# can you microwave cotton yarn-or wool for that matter?



## realsilvergirl (Nov 13, 2011)

Can you microwave cotton yarn? I want to use a wool sock with rice and cloves in it that you can microwave. And a cover in cotton to put it in so it can be washed - as i cant wash the sock with rice in it. I have a sewn up wool sock and used it in microwave (i think it is wool) before but it got dingy on the outside. I guess icould just test a piece of yarn OR put the cotton cover on it after the packcomes out of microwave.


----------



## Country Bumpkins (Feb 18, 2011)

I don't know but I do know not to put your husbands leather gloves in there to dry. Oops. Let me know because my sock with rice in it is dingy. Does the clove make it smell good?


----------



## realsilvergirl (Nov 13, 2011)

Haha! I put some cloves and cinnamon sticks in. I can smell the cloves and i used jasmine rice i think. Which smells like popcorn to me!


----------



## nbaker (Jan 30, 2011)

I make rice bags out of cotton and use in the microwave all the time.
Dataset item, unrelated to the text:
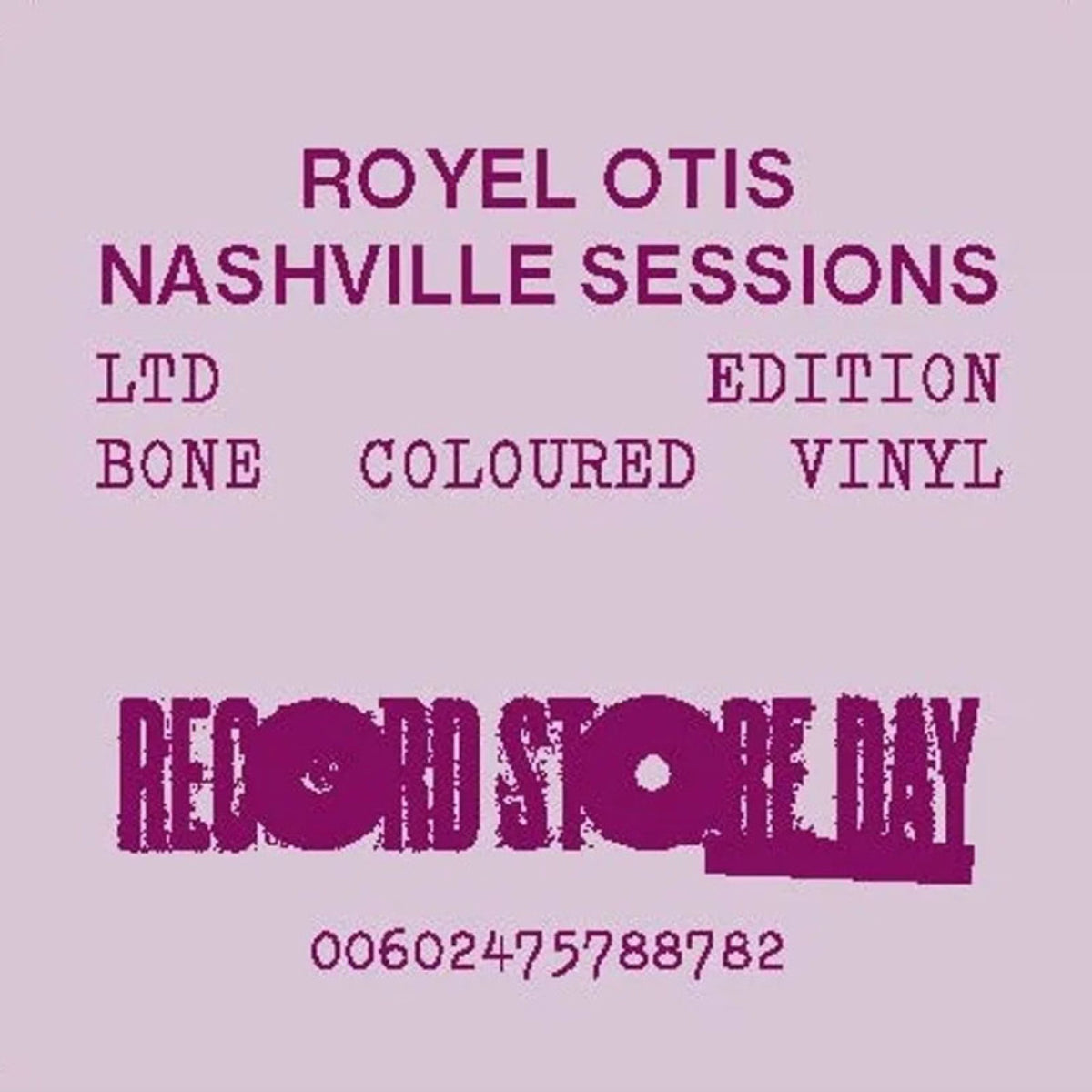 Nashville Sessions (Bone Coloured 10 Inch) RSD 2025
Wool is a natural fiber and will not melt in the heat produced by the microwave, but I haven't tried it.


----------



## Colorado knits (Jul 6, 2011)

Country Bumpkins said:


> I don't know but I do know not to put your husbands leather gloves in there to dry. Oops. Let me know because my sock with rice in it is dingy. Does the clove make it smell good?


Pffffft -- funny!


----------



## Dreamweaver (Feb 1, 2011)

You should hae no problem with a cotton fabric cover in the microwave. There are many lavender,flax packs sold every year. You are not going to leave them in for a long time. I will just say though, I was warming a large towel in the microwave and it did catch on fire. It may have been the large size or the loopy texture of the towel... I really don't know - but a regular cotton or flannel should be just fine. Still, I always stay right there and watch now......


----------



## sparky60 (Feb 9, 2011)

People microwave 100% cotton dishcloths in the microwave to zap the smell out of them and disinfect them. I had a neck wrap given to me and it appears to be made out of a plush fabric on the outside, like velvet or brushed cotton. I microwave it for about three minutes. It has held up great.


----------



## Haws (Oct 13, 2011)

I sew well, and have made tons of rice warmers.
My rule of thumb is, be 100% SURE it will not melt.
I have used polar fleece, upholstery fabric, cotton, knits (as long as I know there is no polyester in it). Old polyester is a no-no. Melts fast, and smells really bad!
Also make sure any decorations are also of the same fabric. People forget buttons heat up, or may contain a small amount of metal, same with snaps, the plastic ones do not hold up after time.


----------



## jbandsma (Mar 6, 2011)

No problem with wool in the microwave. I use it for dyeing small pieces all the time.


----------



## courier770 (Jan 29, 2011)

Natural fibers should not have any problem being placed in the microwave.


----------



## LilgirlCA (Jan 22, 2011)

No polyester, nylon, acrylic...stick with cotton and wool - natural fabrics. Man-made ones will melt if they get hot enough and could accidentally burn the user or start a fire.


----------



## courier770 (Jan 29, 2011)

Hemp and Hemp/cotton blends work very well for this too.


----------



## realsilvergirl (Nov 13, 2011)

Thank you all!


----------



## Johnna (Mar 27, 2011)

Colorado knits said:


> Country Bumpkins said:
> 
> 
> > I don't know but I do know not to put your husbands leather gloves in there to dry. Oops. Let me know because my sock with rice in it is dingy. Does the clove make it smell good?
> ...


I would love to be in the kitchen when the rice bag blew up in the microwave!! not my kitchen!
Johnna


----------



## Grammy Toni (Apr 30, 2011)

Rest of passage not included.